- _Task inputs_:
* * *

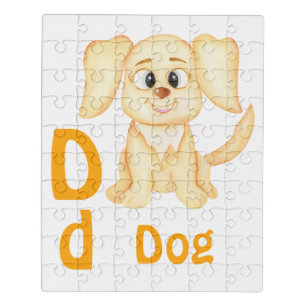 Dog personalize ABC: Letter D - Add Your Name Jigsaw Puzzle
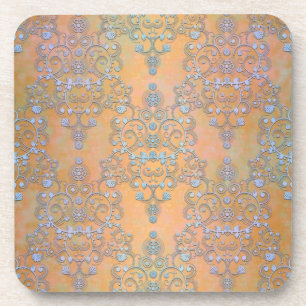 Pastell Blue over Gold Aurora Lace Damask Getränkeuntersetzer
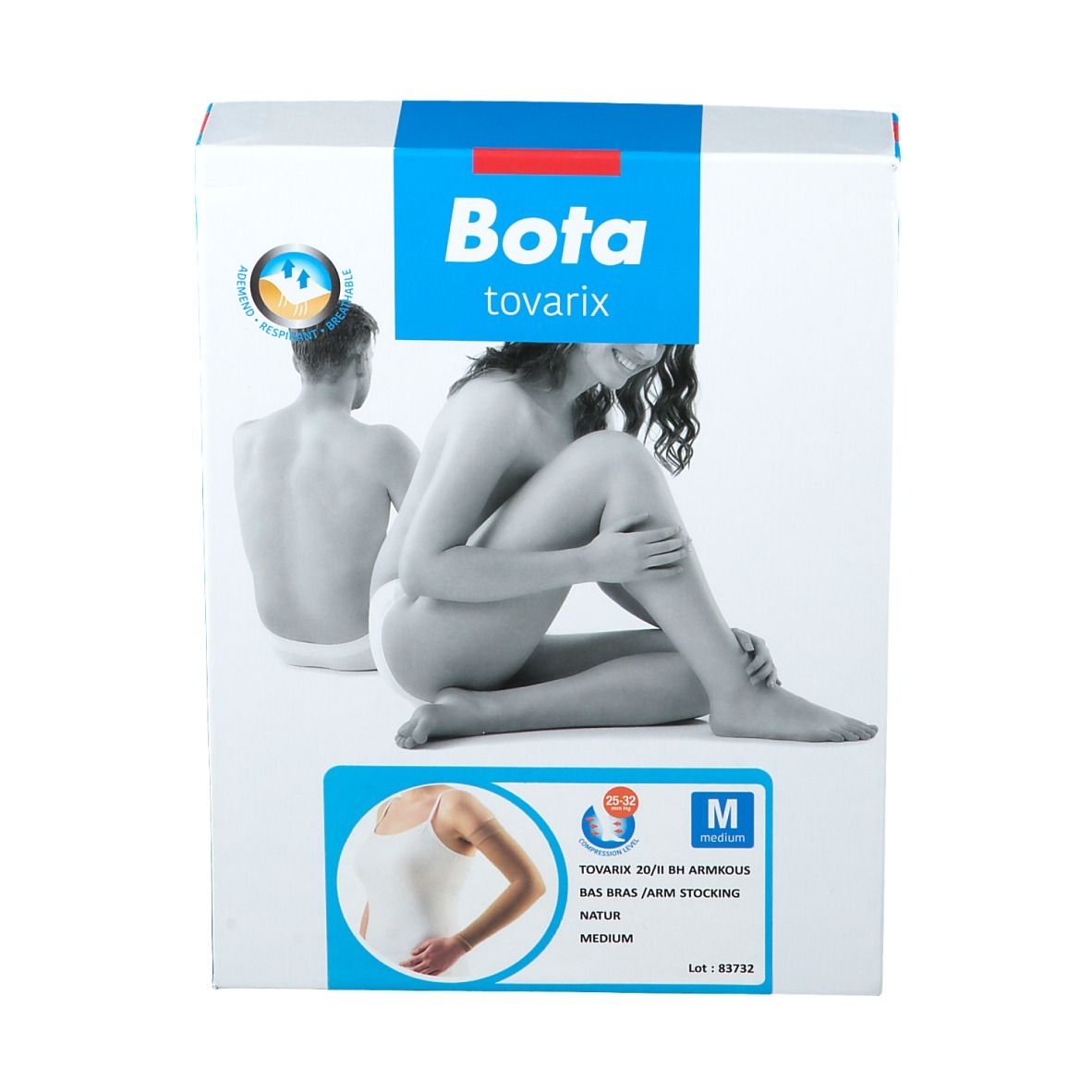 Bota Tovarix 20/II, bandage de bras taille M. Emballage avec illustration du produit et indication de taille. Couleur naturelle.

* * *

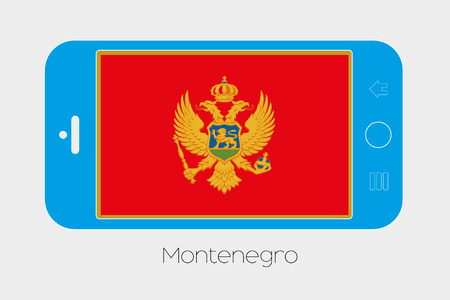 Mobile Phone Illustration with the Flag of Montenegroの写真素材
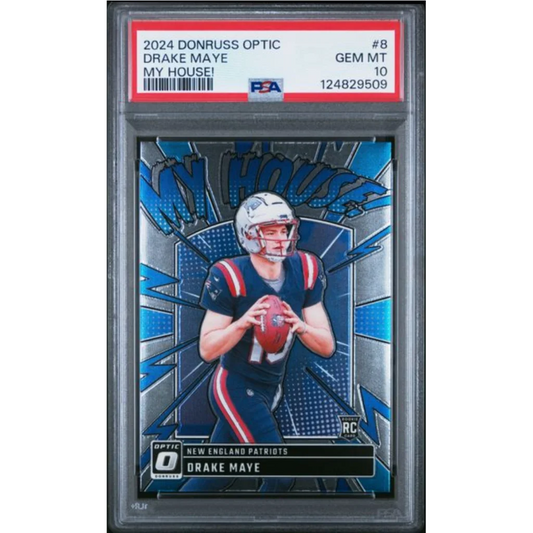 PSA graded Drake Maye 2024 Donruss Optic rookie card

* * *

- _What the task requires_:
All pictures are to be skipped. Output, word for word, the lines in the data above starting at the line containing "Dog personalize ABC: Letter" and ending at the line containing "Bota Tovarix 20/II, bandage".

- _Solution to this problem_:
 Dog personalize ABC: Letter D - Add Your Name Jigsaw Puzzle
 Pastell Blue over Gold Aurora Lace Damask Getränkeuntersetzer
 Bota Tovarix 20/II, bandage de bras taille M. Emballage avec illustration du produit et indication de taille. Couleur naturelle.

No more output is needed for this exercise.